WORK ITEM:
What is wanted is every line below from the one with "Foto b87b9d97-4c77-4efb-8170-e1a3ff6ff329. Casa" up to and including the one with "Le Jolie Hotel 2*", retyped exactly, pictures excluded, nothing else.

DATA FOR THE TASK:
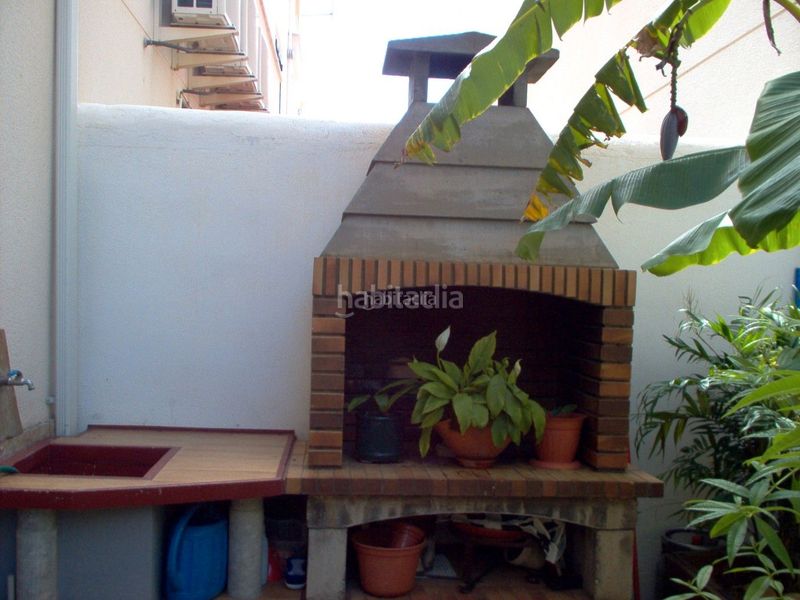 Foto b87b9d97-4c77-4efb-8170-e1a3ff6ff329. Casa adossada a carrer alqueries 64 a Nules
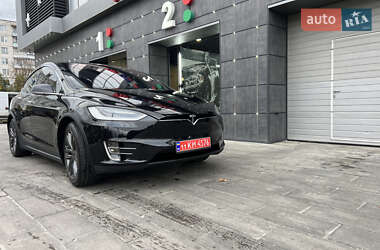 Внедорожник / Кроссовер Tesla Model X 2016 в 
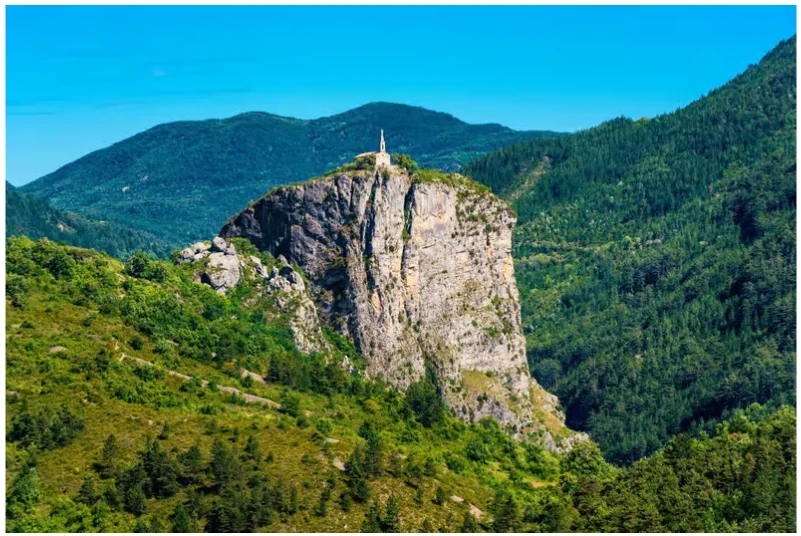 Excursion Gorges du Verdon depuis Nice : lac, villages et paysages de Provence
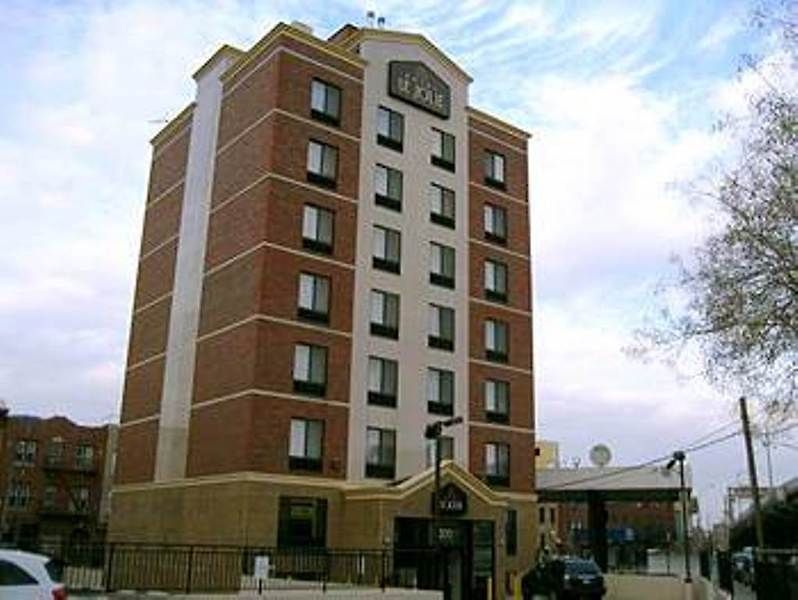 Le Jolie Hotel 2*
---
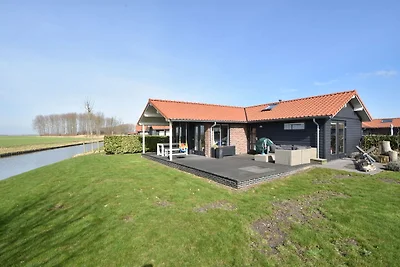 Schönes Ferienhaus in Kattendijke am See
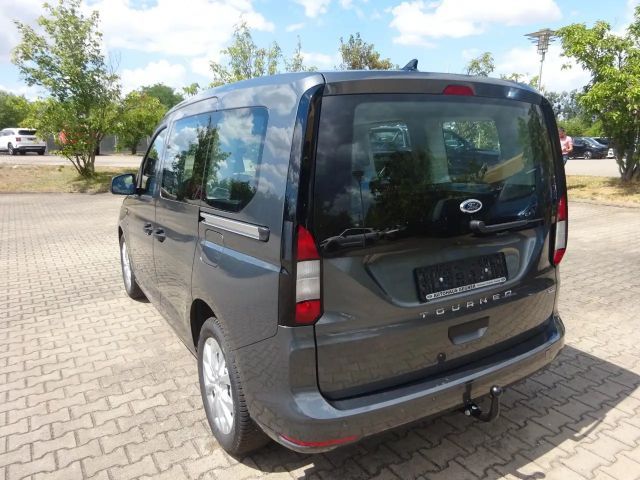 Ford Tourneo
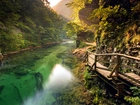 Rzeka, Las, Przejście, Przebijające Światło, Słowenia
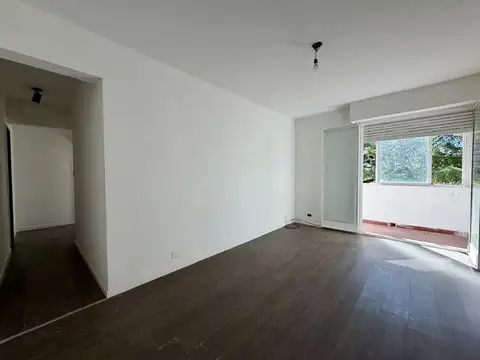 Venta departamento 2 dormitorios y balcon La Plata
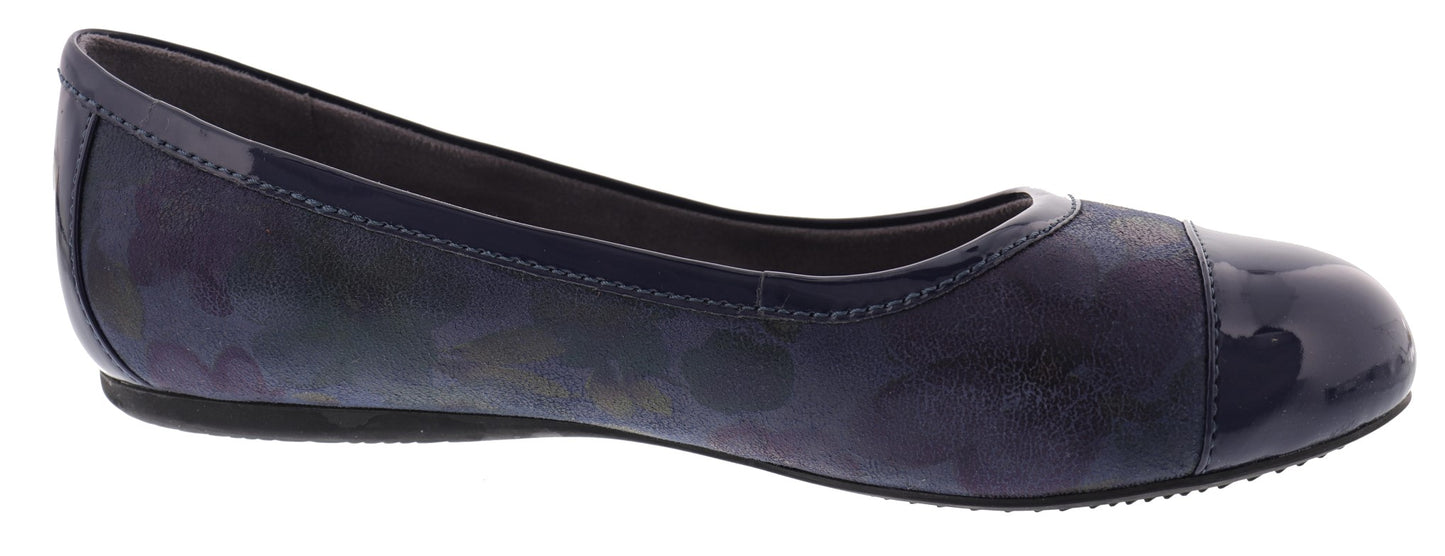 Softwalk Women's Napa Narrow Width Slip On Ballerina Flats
* * *
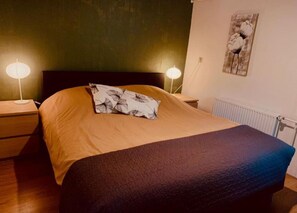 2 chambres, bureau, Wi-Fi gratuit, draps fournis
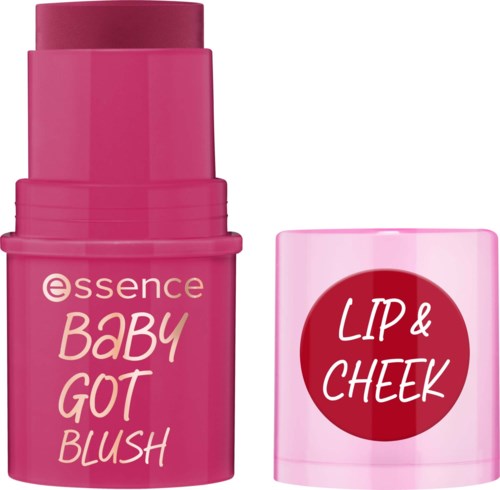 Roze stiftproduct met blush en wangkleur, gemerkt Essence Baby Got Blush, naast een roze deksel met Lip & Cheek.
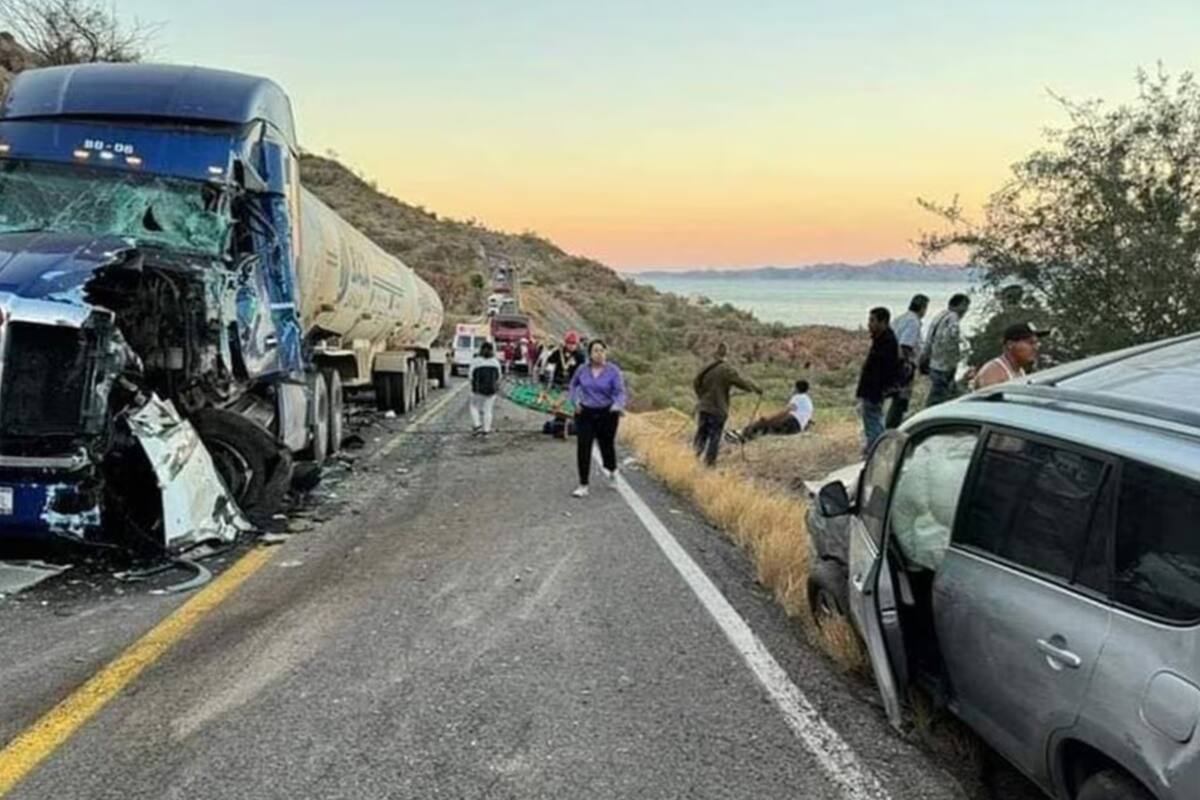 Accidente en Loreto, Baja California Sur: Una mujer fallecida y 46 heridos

RESPONSE AREA:
 Foto b87b9d97-4c77-4efb-8170-e1a3ff6ff329. Casa adossada a carrer alqueries 64 a Nules
 Внедорожник / Кроссовер Tesla Model X 2016 в 
 Excursion Gorges du Verdon depuis Nice : lac, villages et paysages de Provence
 Le Jolie Hotel 2*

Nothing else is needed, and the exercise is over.